### Exercise inputs
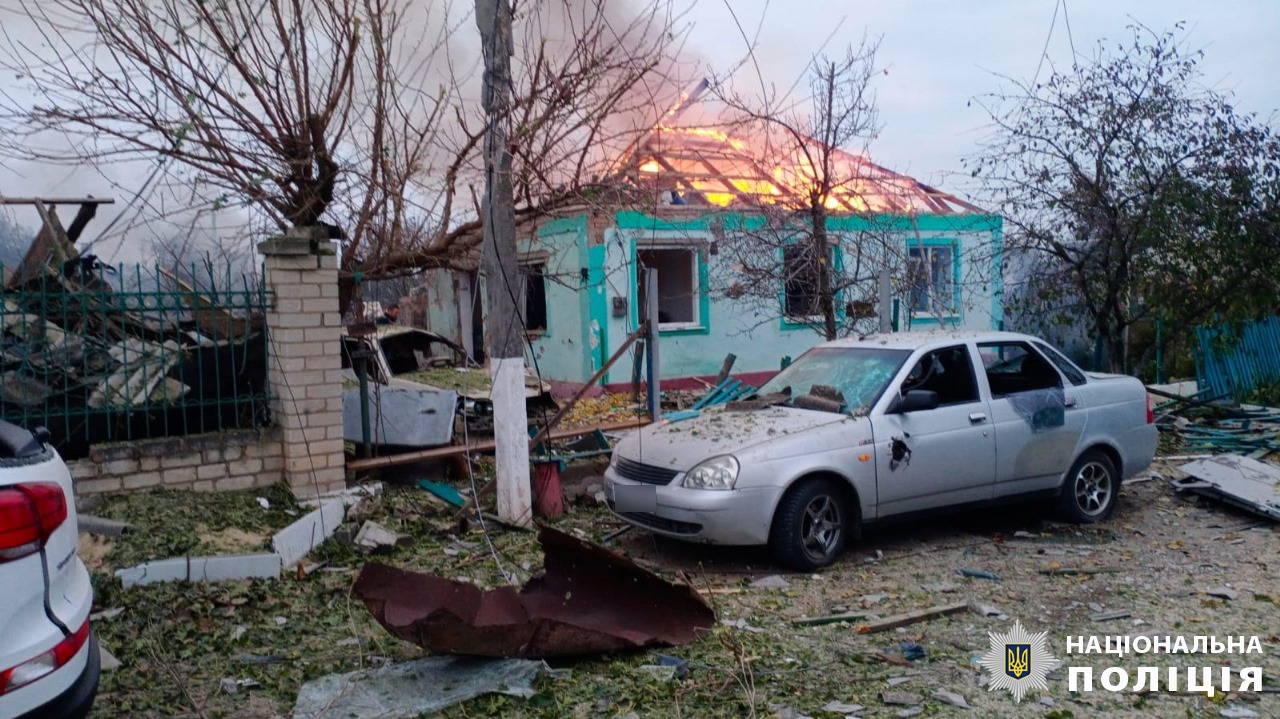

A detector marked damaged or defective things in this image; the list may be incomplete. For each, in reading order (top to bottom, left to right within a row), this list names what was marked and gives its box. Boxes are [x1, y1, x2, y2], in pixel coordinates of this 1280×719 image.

broken window [516, 262, 548, 334]
broken window [636, 246, 700, 328]
damaged house [418, 94, 1000, 394]
broken window [780, 245, 820, 318]
broken window [904, 245, 956, 316]
destroyed car [342, 326, 556, 444]
shattered windshield [760, 348, 912, 416]
broken window [900, 344, 980, 404]
broken window [980, 340, 1056, 396]
destroyed car [604, 332, 1152, 572]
######
◆ Exercise aim ◆
Each entry above must come back exactly as written. Drop the images.

◆ Reply ◆
A detector marked damaged or defective things in this image; the list may be incomplete. For each, in reading order (top to bottom, left to right within a row), this list names what was marked and gives its box. Boxes are [x1, y1, x2, y2], in pixel coordinates of this 1280×719 image.

broken window [516, 262, 548, 334]
broken window [636, 246, 700, 328]
damaged house [418, 94, 1000, 394]
broken window [780, 245, 820, 318]
broken window [904, 245, 956, 316]
destroyed car [342, 326, 556, 444]
shattered windshield [760, 348, 912, 416]
broken window [900, 344, 980, 404]
broken window [980, 340, 1056, 396]
destroyed car [604, 332, 1152, 572]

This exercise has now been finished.